Kalyana Vaibhogam is a 1997 Indian Tamil-language romance film directed by N. Rathnam, who had previously directed the film Chellakannu (1995). The film stars Ramki, Khushbu and Sangita, with Vadivelu, R. Sundarrajan, V. K. Ramasamy, Vennira Aadai Moorthy, Vijay Krishnaraj and Haja Shareef playing supporting roles. It was released on 5 September 1997. The film was a remake of the Hindi film Aaina (1993).

== Plot ==

Ramya and Shanthi are step-sisters. Ramya is arrogant while Shanthi is soft-spoken and sensitive. Sakthi is a writer and becomes popular by writing short stories in Tamil weekly magazines. Shanthi is Sakthi's avid fan, sends him letters every week anonymously, and she is in love with him. Sakthi really likes her letters and he decides to meet her, eager to confess his love.

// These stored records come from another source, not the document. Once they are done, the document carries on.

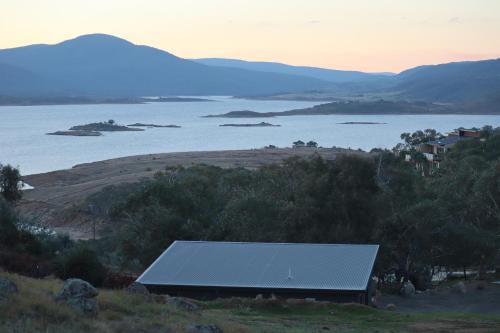a barn on a hill next to a body of water at Hygge Eco Cabins Beautiful New Cabins with Amazing Views in Jindabyne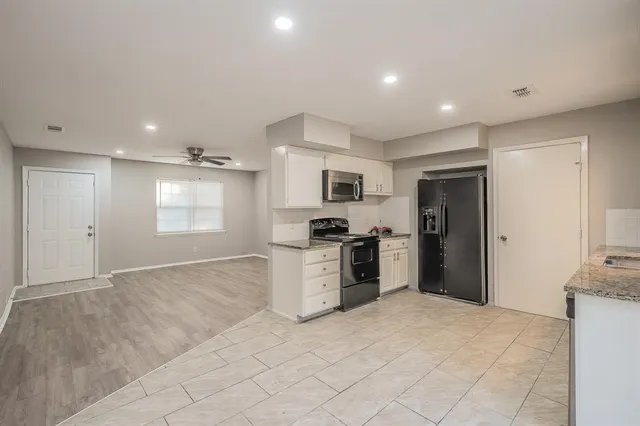 a kitchen with stainless steel appliances granite countertop a refrigerator sink and stove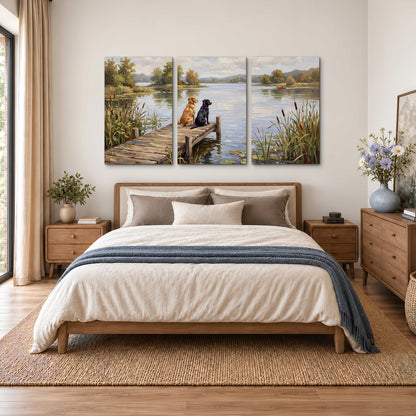 Two dogs sitting together on a wooden dock overlooking a peaceful lake 3 piece canvas wall art styled in an interior
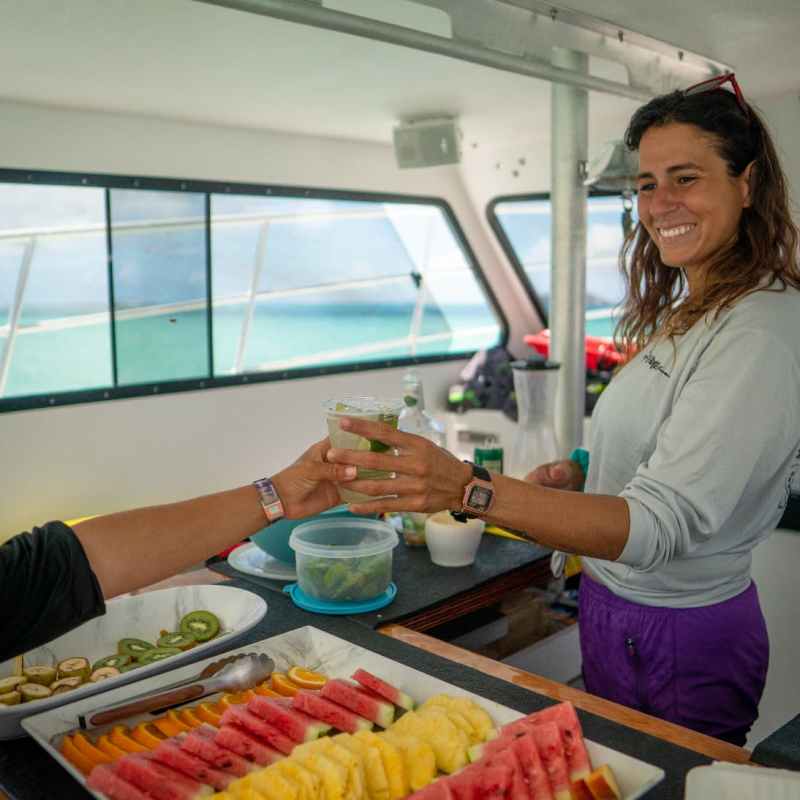 Smiling person on a boat serving a drink beside a tray of sliced fruit.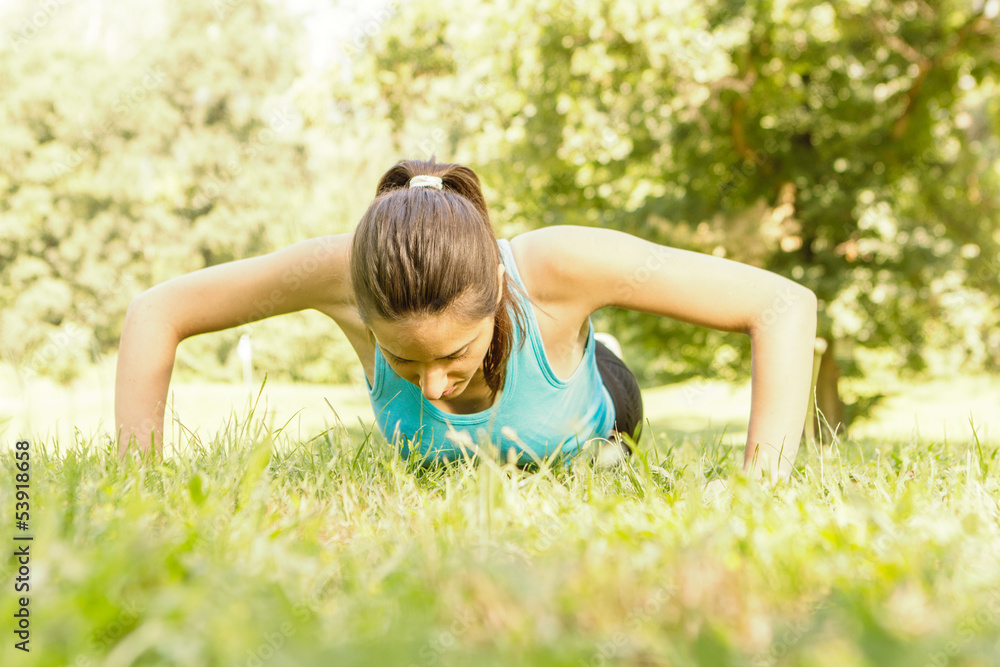 Fitness woman doing push-ups Fitness woman doing push-ups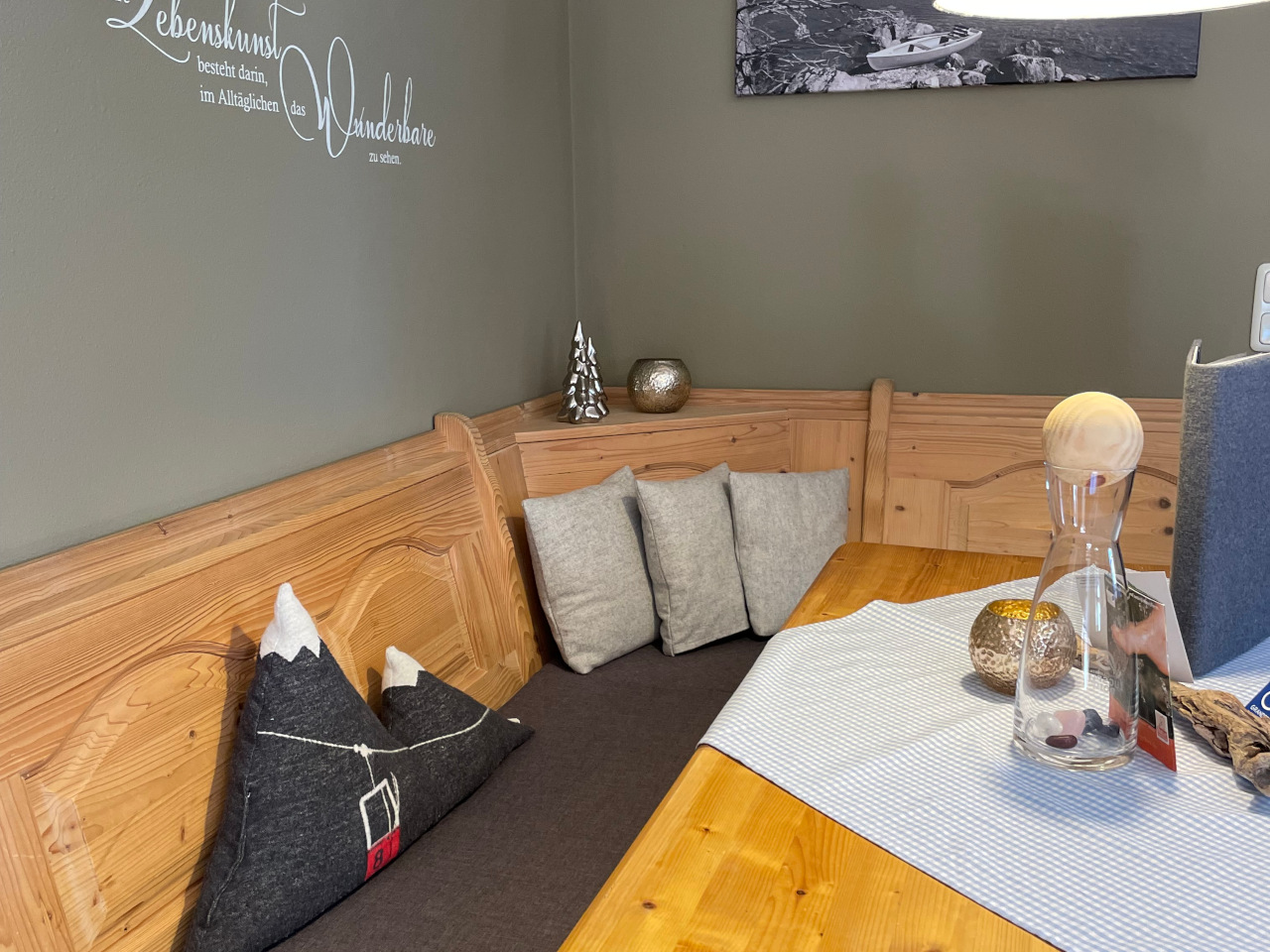 gemütliche Eckbank aus Holz mit einem Kissen mit Gondel, braun-grauer Wand mit einem Spruch und einem Bild von einem See, auf dem Tisch mit einer karierten Decke steht ein Wasserkrug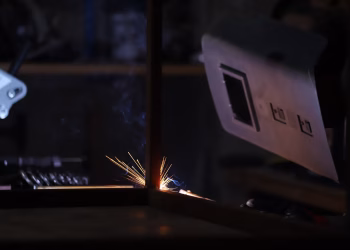 Close-up of a welding process in a dark workshop showing bright sparks and protective gear.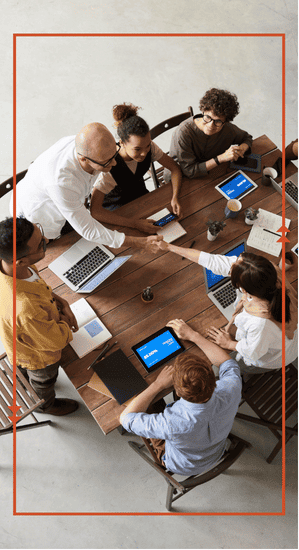 Overhead view of a team meeting around a wooden table with laptops and tablets, two people shaking hands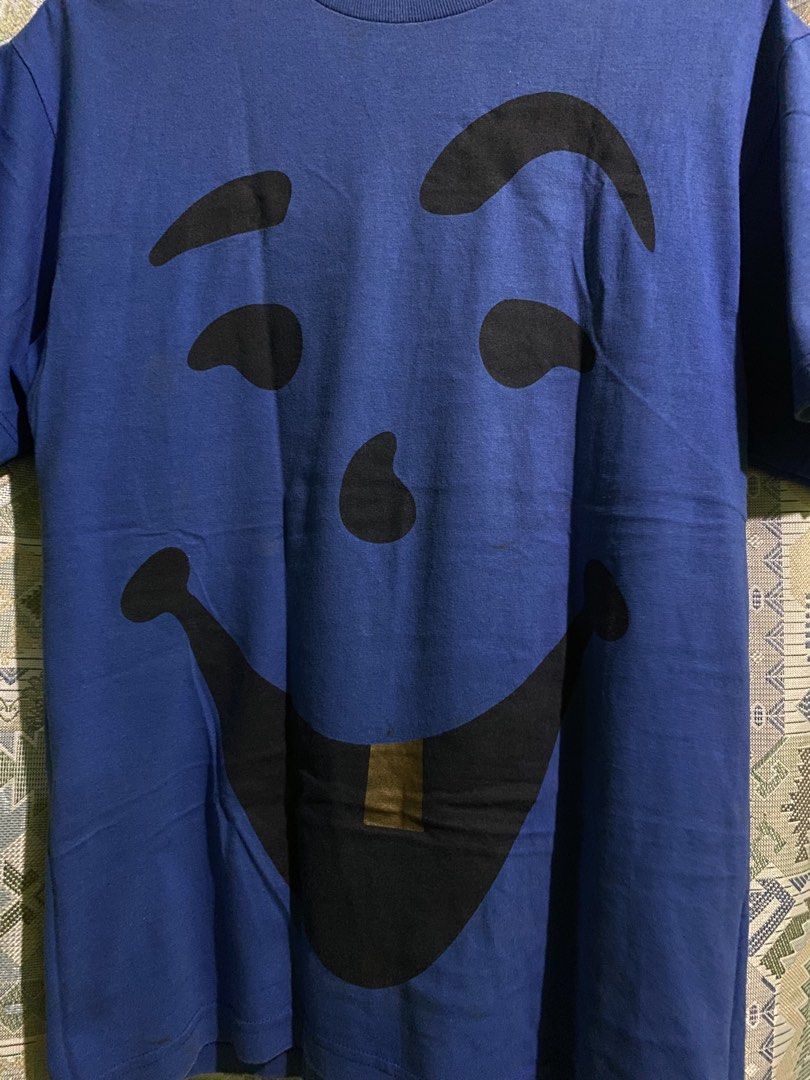 DGK x Kool-Aid (Category: Tshirts & Polo Shirts ) located in Manila. Submitted by all_about2 (Listing ID 1461235161, Image 2). Description: DGK x Kool-Aid collaboration t-shirt featuring a large graphic of the Kool-Aid Man’s face with a distinctive gold tooth detail..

Sakthi thinks that the anonymous fan is Ramya. Later, Sakthi and Ramya fall in love. By luck, Ramya becomes a model, and thereafter her popularity grows rapidly. Sakthi and Ramya decide to get married whereas the heartbroken Shanthi remained silent. The day of the wedding, Ramya runs away with dreams of being a cinema actress and Ramya asks him to wait for him. Feeling betrayed, Sakthi cannot accept it and he finally marries Shanthi. They live happily until Ramya comes back. What transpires later forms the crux of the story.

== Soundtrack ==
The music was composed by Deva.

| Song | Singer(s) | Lyrics | Duration |
|---|---|---|---|
| "Vizhioda Aadiye Azhaga" | Mano, K. S. Chithra | Palani Bharathi | 4:24 |
| "Roja Poovile" | Mano, Swarnalatha | Navendan | 5:01 |
| "Hollywood Chance" | Malgudi Subha | 'Nellai' Arulmani | 5:00 |
| "Thaada Budala" | S. Janaki, Chorus | Ravi Bharathi | 4:35 |
| "Kanang Kuruviku" | S. P. Balasubrahmanyam, Swarnalatha | Pulamaipithan | 4:50 |

== Reception ==
Ji of Kalki praised director for taking the story in a straight line without wandering here and there while praising the performances of Khushbu, Sangita and humour and concluded saying if it had been handled a little shorter without sagging, it would have been an enjoyable film. Two years after release, the producers were given a ₹5 lakh subsidy by the then Tamil Nadu Chief Minister M. Karunanidhi along with ten other films.